DATA SHOWN -
• • • • •
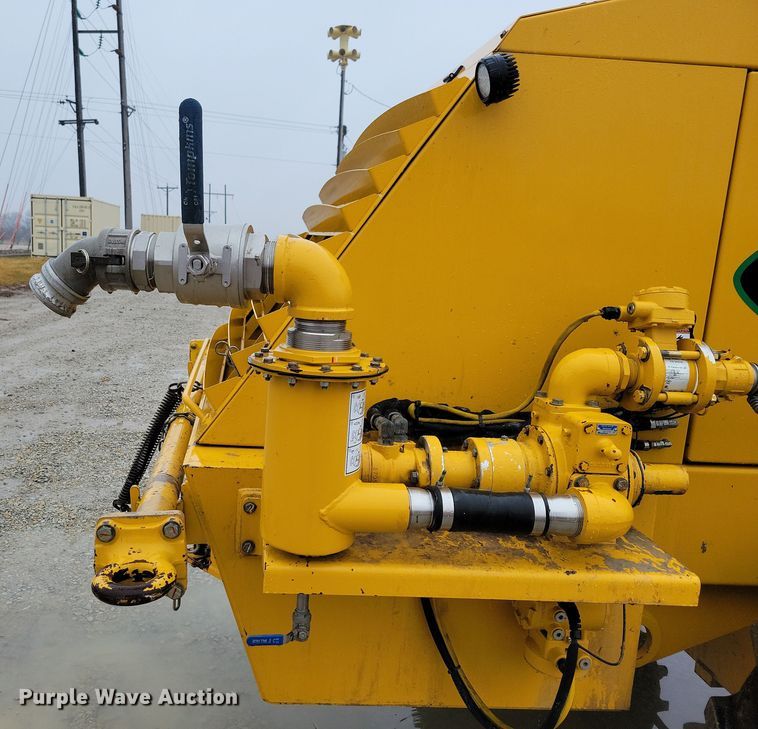 image for item DL7821 2019 Weiler S200 soil stabilizer / reclaimer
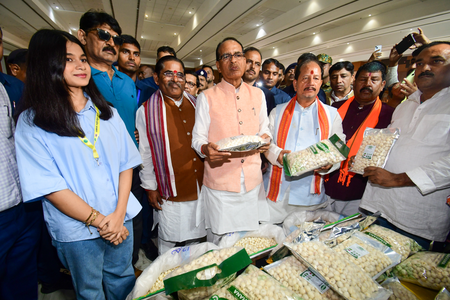 ಭಾರತದಿಂದ 20 ದೇಶಗಳಿಗೆ 7,000 ಟನ್ ಮಖಾನಾ ರಫ್ತು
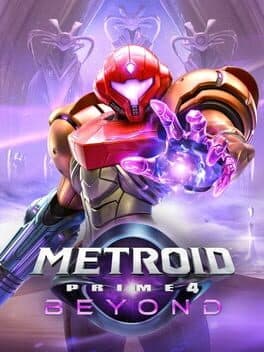Metroid Prime 4: Beyond game cover art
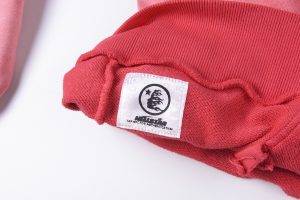 Hellstar Studios Sample Blank Washed Pink Hoodie9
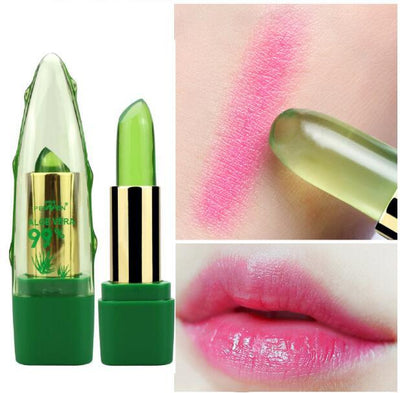 Aloe Vera Colour-Changing Lipstick Seasia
• • • • •
TASK ITEM -
Repeat the listing above word for word. Do not include the pictures.

RESULT OF THE EXERCISE -
 image for item DL7821 2019 Weiler S200 soil stabilizer / reclaimer
 ಭಾರತದಿಂದ 20 ದೇಶಗಳಿಗೆ 7,000 ಟನ್ ಮಖಾನಾ ರಫ್ತು
Metroid Prime 4: Beyond game cover art
 Hellstar Studios Sample Blank Washed Pink Hoodie9
 Aloe Vera Colour-Changing Lipstick Seasia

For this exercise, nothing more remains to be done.